Scraped caption text data
----------------
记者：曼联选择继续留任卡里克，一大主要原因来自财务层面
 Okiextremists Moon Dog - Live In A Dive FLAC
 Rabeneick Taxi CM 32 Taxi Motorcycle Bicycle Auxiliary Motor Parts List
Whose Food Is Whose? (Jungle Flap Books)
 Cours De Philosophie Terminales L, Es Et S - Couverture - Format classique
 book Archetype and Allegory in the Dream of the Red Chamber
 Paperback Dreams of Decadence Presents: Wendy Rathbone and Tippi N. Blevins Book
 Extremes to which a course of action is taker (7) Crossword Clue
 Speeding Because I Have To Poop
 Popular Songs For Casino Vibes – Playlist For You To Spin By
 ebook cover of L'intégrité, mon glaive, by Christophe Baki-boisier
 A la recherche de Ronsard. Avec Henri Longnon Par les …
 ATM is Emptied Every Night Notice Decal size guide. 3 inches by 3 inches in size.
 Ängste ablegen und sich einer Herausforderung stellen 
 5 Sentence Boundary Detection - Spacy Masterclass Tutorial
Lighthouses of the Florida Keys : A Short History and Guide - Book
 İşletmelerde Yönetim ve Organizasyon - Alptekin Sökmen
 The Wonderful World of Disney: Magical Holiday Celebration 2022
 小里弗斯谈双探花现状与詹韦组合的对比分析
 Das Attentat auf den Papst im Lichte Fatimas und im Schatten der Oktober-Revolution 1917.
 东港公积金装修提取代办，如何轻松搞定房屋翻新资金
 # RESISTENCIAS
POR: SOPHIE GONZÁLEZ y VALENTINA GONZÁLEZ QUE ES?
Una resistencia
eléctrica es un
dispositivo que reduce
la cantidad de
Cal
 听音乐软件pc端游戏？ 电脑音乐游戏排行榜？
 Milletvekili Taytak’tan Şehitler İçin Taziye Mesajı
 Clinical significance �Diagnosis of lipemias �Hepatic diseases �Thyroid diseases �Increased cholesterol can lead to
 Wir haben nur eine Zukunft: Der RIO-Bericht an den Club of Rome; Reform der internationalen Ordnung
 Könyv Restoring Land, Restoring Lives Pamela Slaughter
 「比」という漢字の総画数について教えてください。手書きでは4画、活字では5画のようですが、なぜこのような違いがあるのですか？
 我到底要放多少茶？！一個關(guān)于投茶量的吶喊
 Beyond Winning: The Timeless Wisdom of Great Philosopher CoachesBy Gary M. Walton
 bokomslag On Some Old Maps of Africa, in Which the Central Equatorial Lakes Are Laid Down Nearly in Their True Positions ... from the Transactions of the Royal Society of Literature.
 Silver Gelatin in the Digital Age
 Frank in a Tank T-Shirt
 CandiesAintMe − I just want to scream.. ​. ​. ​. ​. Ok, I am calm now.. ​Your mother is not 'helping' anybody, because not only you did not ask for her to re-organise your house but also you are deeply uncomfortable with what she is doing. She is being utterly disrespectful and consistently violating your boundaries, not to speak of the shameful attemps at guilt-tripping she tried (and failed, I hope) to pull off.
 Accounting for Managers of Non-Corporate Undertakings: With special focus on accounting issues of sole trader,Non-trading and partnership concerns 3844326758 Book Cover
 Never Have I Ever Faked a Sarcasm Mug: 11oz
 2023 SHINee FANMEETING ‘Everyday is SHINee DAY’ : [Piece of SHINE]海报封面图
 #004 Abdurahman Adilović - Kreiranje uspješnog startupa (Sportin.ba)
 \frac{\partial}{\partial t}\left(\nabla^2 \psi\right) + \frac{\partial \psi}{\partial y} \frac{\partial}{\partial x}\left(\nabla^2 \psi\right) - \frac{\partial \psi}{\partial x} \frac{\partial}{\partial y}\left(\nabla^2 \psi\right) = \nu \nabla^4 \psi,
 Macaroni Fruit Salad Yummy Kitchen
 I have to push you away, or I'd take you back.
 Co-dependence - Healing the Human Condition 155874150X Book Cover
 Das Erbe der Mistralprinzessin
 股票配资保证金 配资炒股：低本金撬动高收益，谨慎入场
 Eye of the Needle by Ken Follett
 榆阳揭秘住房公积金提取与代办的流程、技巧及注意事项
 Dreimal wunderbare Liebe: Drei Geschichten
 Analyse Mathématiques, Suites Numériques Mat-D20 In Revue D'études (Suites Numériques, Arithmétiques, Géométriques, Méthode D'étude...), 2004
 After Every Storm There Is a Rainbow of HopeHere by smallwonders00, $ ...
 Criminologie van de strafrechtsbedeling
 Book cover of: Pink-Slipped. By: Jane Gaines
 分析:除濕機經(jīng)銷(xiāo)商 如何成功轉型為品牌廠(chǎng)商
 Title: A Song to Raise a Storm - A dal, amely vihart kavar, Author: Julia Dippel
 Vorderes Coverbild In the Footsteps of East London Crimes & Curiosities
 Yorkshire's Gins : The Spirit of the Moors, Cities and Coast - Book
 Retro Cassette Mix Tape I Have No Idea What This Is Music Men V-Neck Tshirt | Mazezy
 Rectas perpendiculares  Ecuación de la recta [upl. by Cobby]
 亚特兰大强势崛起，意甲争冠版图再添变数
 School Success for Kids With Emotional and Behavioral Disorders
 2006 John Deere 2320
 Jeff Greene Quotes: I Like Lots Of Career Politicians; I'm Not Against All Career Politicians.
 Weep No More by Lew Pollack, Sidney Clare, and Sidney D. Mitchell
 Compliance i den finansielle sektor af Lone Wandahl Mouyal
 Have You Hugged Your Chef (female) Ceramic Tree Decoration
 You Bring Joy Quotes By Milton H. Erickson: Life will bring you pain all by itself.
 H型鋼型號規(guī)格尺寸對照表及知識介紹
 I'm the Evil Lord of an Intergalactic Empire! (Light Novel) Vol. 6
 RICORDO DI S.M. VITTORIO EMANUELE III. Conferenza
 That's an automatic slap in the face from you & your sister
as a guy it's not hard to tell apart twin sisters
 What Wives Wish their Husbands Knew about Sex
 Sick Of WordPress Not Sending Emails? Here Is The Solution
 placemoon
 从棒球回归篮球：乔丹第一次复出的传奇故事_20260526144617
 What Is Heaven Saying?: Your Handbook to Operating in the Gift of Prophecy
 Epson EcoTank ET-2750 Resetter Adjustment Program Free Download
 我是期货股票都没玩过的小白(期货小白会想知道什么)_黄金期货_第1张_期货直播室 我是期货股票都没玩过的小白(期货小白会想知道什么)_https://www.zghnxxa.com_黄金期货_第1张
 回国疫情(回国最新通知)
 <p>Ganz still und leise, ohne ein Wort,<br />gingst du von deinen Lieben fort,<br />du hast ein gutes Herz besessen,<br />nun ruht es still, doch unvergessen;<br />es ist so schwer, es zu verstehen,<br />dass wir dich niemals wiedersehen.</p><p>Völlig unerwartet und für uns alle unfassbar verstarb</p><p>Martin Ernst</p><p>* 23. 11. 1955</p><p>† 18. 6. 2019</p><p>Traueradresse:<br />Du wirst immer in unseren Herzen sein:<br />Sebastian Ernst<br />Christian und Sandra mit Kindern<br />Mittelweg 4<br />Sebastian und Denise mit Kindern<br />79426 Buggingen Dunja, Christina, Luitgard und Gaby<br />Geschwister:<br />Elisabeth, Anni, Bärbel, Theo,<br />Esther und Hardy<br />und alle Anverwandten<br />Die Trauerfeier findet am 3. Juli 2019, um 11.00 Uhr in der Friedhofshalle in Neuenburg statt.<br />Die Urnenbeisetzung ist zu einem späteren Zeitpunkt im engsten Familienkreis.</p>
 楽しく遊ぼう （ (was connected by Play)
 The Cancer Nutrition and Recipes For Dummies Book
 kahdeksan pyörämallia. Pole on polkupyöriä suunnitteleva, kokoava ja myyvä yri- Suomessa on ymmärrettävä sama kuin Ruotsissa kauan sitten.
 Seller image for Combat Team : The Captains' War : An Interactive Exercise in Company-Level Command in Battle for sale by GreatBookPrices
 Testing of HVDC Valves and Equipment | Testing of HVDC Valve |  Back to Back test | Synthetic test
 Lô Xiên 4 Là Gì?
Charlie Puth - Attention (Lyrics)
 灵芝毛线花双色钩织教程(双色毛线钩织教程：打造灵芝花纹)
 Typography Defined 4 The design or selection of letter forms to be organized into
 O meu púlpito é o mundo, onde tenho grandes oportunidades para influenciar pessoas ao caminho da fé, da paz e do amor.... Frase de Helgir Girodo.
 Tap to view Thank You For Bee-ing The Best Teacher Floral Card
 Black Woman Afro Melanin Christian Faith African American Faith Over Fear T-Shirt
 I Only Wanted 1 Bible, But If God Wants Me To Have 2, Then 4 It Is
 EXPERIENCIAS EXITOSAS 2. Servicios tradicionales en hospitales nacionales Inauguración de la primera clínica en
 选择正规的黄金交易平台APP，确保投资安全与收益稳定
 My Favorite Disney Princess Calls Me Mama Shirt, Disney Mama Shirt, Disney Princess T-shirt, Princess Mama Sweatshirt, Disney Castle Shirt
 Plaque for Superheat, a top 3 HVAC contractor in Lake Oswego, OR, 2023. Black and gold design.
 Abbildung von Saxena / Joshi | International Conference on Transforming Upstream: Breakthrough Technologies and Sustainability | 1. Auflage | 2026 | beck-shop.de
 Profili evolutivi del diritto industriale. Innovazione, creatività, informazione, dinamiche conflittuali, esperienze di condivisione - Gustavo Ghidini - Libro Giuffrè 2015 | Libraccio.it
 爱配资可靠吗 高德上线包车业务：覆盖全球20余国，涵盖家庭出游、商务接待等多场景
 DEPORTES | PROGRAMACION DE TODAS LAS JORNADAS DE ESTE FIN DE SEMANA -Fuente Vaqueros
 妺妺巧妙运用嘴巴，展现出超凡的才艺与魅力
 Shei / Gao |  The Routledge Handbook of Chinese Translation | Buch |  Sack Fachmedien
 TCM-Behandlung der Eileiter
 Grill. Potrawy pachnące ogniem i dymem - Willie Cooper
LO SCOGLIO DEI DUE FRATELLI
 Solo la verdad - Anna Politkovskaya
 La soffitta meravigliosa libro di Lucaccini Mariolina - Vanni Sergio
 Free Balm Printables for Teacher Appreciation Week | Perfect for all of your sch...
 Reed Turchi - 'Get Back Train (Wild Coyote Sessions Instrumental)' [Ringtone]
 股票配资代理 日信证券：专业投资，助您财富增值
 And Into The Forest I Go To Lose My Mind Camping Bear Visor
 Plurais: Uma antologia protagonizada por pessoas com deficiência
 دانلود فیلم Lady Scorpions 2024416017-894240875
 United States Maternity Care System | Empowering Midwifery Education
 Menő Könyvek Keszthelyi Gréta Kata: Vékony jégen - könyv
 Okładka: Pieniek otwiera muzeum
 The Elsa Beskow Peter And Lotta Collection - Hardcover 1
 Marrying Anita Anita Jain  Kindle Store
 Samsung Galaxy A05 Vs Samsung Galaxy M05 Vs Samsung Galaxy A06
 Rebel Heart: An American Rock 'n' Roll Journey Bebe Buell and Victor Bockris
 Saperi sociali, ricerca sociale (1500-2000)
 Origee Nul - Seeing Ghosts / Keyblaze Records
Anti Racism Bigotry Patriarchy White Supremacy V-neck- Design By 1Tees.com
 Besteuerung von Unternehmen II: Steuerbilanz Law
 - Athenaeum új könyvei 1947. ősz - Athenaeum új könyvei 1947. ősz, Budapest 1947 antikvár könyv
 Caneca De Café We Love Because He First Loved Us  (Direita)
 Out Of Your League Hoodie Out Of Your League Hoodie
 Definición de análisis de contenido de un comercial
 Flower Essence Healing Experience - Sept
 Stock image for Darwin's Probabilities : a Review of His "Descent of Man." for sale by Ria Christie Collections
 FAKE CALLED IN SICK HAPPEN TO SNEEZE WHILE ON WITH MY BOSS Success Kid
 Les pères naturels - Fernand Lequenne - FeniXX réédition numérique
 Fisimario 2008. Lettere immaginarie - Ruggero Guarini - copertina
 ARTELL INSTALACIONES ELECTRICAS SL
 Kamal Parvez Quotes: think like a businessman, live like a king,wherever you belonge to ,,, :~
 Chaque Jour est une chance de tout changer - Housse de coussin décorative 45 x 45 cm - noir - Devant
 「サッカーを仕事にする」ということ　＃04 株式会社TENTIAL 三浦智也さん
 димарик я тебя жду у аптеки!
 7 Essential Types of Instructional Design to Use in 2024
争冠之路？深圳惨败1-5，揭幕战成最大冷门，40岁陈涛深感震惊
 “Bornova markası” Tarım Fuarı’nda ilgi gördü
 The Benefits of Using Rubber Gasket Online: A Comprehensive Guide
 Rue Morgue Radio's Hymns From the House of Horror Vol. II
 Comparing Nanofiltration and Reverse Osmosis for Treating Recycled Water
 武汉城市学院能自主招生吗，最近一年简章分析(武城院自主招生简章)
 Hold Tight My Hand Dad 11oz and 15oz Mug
----------------
● YOUR TASK
Please, from the entries above, set down exactly the lines from the one containing "School Success for" through the one containing "The Cancer Nutrition", and only those.

● FINISHED TASK
 School Success for Kids With Emotional and Behavioral Disorders
 2006 John Deere 2320
 Jeff Greene Quotes: I Like Lots Of Career Politicians; I'm Not Against All Career Politicians.
 Weep No More by Lew Pollack, Sidney Clare, and Sidney D. Mitchell
 Compliance i den finansielle sektor af Lone Wandahl Mouyal
 Have You Hugged Your Chef (female) Ceramic Tree Decoration
 You Bring Joy Quotes By Milton H. Erickson: Life will bring you pain all by itself.
 H型鋼型號規(guī)格尺寸對照表及知識介紹
 I'm the Evil Lord of an Intergalactic Empire! (Light Novel) Vol. 6
 RICORDO DI S.M. VITTORIO EMANUELE III. Conferenza
 That's an automatic slap in the face from you & your sister
as a guy it's not hard to tell apart twin sisters
 What Wives Wish their Husbands Knew about Sex
 Sick Of WordPress Not Sending Emails? Here Is The Solution
 placemoon
 从棒球回归篮球：乔丹第一次复出的传奇故事_20260526144617
 What Is Heaven Saying?: Your Handbook to Operating in the Gift of Prophecy
 Epson EcoTank ET-2750 Resetter Adjustment Program Free Download
 我是期货股票都没玩过的小白(期货小白会想知道什么)_黄金期货_第1张_期货直播室 我是期货股票都没玩过的小白(期货小白会想知道什么)_https://www.zghnxxa.com_黄金期货_第1张
 回国疫情(回国最新通知)
 <p>Ganz still und leise, ohne ein Wort,<br />gingst du von deinen Lieben fort,<br />du hast ein gutes Herz besessen,<br />nun ruht es still, doch unvergessen;<br />es ist so schwer, es zu verstehen,<br />dass wir dich niemals wiedersehen.</p><p>Völlig unerwartet und für uns alle unfassbar verstarb</p><p>Martin Ernst</p><p>* 23. 11. 1955</p><p>† 18. 6. 2019</p><p>Traueradresse:<br />Du wirst immer in unseren Herzen sein:<br />Sebastian Ernst<br />Christian und Sandra mit Kindern<br />Mittelweg 4<br />Sebastian und Denise mit Kindern<br />79426 Buggingen Dunja, Christina, Luitgard und Gaby<br />Geschwister:<br />Elisabeth, Anni, Bärbel, Theo,<br />Esther und Hardy<br />und alle Anverwandten<br />Die Trauerfeier findet am 3. Juli 2019, um 11.00 Uhr in der Friedhofshalle in Neuenburg statt.<br />Die Urnenbeisetzung ist zu einem späteren Zeitpunkt im engsten Familienkreis.</p>
 楽しく遊ぼう （ (was connected by Play)
 The Cancer Nutrition and Recipes For Dummies Book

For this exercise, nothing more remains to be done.